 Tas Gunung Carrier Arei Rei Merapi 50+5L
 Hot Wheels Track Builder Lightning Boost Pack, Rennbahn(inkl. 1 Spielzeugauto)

==

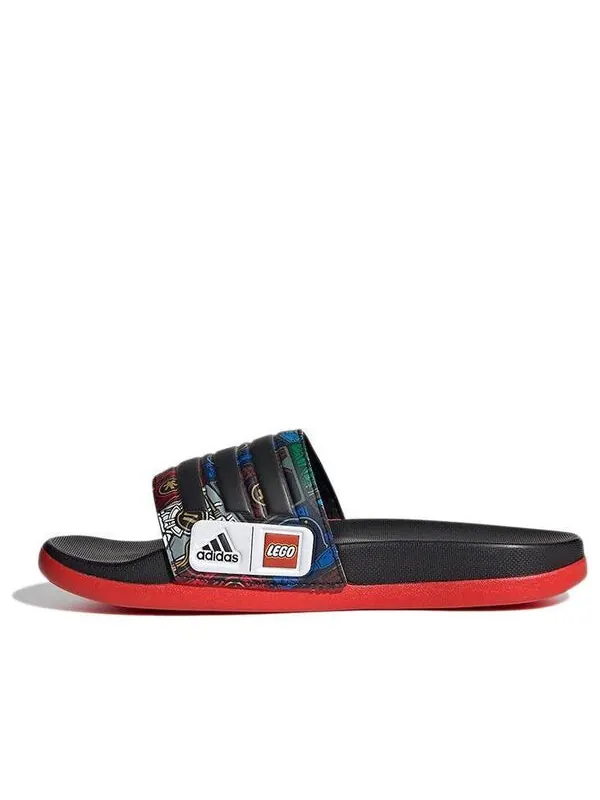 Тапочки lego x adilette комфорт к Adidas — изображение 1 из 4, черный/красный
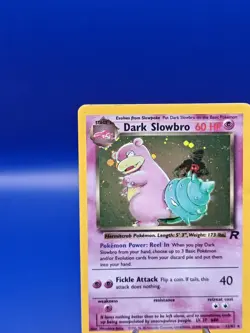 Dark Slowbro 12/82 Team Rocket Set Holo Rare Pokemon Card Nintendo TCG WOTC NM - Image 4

▶ _Task objective_
The lines above from the one with "Tas Gunung Carrier Arei Rei Merapi 50+5L" through the one with "Hot Wheels Track" are to be duplicated exactly, ends included, with nothing added.

▶ _Answer space_
 Tas Gunung Carrier Arei Rei Merapi 50+5L
 Hot Wheels Track Builder Lightning Boost Pack, Rennbahn(inkl. 1 Spielzeugauto)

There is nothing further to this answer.